I’m fortunate now to play for a club which goes over and beyond to provide everything required for a player to perform. Every detail is catered for our needs, from a fitness coach and masseuse providing input into fitness and recovery, to recovery/protein shakes, energy drinks and gels, all the way down to jelly babies and Jaffa cakes at half time. The examples of jelly babies and Jaffa cakes might seem a very trivial one but from my experiences at non league level, they are now an appreciated luxury and one that is now unfortunately taken for granted around the football league and premier league academies of today. At Leicester, playing in the reserves, we were treated like first teamers. We travelled on the first team coach to games and had every luxury available to us that was available to first teamers. It wasn’t until Micky Adams came in as manager and stopped all that with the attitude of “you’ll only get all the niceties when you deserve it”, and he couldn’t have been more right. At Orient, we want for nothing. We have a kitman that can’t do enough for us and has his job executed to precision, in fact if it wasn’t for him some of us players might forget our boots to play, but jokes aside if that kind of attention to detail and comfort is afforded to a team in League 1 then you can only imagine the level it rises to in the premier league?
Throughout my career I’ve seen loanees and trialists from top and second tier clubs come to wherever it was I was playing and the culture shock for them is quite dramatic. You can see the bewilderment in their eyes in the dressing room as they try to grasp a reason as to why the showers are cold or why you have to wash your own boots? They flit in and out of clubs either on loan or on trial wondering why people tackle them hard in games and even in training, or why the manager shouts at them to track something called a “runner”? They appear to be cocooned in a fairytale football bubble but who is to blame? When playing away from home, we have the luxury of training at some top clubs boasting some of the best academy facilities in the country and just observing the academy car park is enough to make you wish you were eighteen again. It could be said that this level of detachment between divisions exists because modern young players are mollycoddled, especially coming through the ranks at premier league clubs where their every need is catered for. Undoubtedly, some would have trouble wiping their own backside without direction.

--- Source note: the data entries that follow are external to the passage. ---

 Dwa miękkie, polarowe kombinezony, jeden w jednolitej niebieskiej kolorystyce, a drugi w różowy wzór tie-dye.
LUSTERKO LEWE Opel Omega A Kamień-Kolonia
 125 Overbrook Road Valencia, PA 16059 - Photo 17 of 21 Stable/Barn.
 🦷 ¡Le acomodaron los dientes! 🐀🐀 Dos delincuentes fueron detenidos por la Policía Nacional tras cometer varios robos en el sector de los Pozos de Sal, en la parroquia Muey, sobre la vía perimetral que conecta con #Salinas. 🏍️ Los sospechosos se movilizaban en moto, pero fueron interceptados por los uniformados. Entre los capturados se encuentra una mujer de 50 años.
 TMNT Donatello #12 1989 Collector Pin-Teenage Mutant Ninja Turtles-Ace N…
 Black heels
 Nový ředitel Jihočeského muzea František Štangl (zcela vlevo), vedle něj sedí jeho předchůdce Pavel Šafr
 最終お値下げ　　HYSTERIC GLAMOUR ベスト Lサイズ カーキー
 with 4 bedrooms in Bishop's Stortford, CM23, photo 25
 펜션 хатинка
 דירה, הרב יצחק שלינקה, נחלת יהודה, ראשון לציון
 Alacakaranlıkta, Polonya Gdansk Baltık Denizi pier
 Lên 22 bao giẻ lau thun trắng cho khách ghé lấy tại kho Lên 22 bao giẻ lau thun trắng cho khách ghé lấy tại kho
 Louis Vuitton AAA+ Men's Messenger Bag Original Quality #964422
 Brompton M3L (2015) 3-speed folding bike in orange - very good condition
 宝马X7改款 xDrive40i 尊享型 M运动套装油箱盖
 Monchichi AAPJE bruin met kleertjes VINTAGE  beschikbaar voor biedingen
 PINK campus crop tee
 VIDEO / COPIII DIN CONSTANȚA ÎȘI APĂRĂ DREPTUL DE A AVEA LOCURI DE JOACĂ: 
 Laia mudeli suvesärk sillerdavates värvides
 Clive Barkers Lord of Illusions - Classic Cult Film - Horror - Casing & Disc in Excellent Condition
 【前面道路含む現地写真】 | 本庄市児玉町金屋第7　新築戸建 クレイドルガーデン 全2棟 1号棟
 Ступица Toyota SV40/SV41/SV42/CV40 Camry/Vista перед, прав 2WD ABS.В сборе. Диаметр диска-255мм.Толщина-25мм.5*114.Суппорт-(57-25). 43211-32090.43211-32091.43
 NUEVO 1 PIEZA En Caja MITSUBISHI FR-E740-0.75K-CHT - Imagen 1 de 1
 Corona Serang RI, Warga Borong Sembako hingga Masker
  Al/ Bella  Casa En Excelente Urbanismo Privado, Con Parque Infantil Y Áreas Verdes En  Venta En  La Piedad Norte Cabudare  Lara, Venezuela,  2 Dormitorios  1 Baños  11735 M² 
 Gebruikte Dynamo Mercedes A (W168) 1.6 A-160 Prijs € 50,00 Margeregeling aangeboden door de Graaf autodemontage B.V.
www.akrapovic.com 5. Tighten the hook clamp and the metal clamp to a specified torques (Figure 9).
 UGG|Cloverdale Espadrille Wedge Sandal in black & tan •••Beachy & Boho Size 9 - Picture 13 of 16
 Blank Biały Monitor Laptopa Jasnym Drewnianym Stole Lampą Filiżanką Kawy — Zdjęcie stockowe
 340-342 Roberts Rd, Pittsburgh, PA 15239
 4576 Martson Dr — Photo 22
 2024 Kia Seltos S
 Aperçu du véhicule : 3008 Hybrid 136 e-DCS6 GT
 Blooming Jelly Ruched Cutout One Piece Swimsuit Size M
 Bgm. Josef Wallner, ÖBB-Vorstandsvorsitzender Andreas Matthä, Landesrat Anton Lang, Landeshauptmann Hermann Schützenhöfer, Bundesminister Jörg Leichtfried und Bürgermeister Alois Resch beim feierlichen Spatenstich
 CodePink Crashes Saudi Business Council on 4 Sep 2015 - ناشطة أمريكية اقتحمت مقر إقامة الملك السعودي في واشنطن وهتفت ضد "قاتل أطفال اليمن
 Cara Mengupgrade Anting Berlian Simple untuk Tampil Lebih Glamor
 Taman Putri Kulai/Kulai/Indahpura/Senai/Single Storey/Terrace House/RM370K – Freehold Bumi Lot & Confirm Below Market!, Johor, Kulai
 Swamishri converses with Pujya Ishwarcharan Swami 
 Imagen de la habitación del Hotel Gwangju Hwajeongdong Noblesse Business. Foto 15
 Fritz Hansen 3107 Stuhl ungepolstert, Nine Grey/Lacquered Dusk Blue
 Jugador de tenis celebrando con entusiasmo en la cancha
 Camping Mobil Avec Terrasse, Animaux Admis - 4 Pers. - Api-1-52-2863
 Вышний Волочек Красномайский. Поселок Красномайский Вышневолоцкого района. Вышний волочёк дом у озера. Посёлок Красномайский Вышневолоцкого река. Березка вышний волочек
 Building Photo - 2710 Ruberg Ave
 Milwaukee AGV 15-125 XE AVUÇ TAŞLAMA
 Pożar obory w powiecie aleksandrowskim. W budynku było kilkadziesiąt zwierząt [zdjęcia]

For me, I love seeing young players from big clubs going out on loan to lower league teams as I feel it to be an invaluable learning experience for their development. It gives them a new sense of perspective and shows them how lucky they are to have the opportunity to utilise the facilities at a top club. They learn the rough and tumble of lower league football which can help them develop their game and mindset but most importantly it helps break down the arrogance and brashness of youth in the right portion and teaches them a certain humility which can stand to them both as a player and a person. If nothing else, it shows players from top clubs that there is life outside the premier league, an opportunity to make a good living and more importantly an opportunity to re-climb the ladder to success and prove the doubters wrong. Without question, some players will always have that will to succeed and learn either through birth or development but until we learn to re-dangle a carrot to inspire and motivate the majority of the elite youth of today then perhaps the most talented kids will continue down the road of disillusionment and unfulfillment.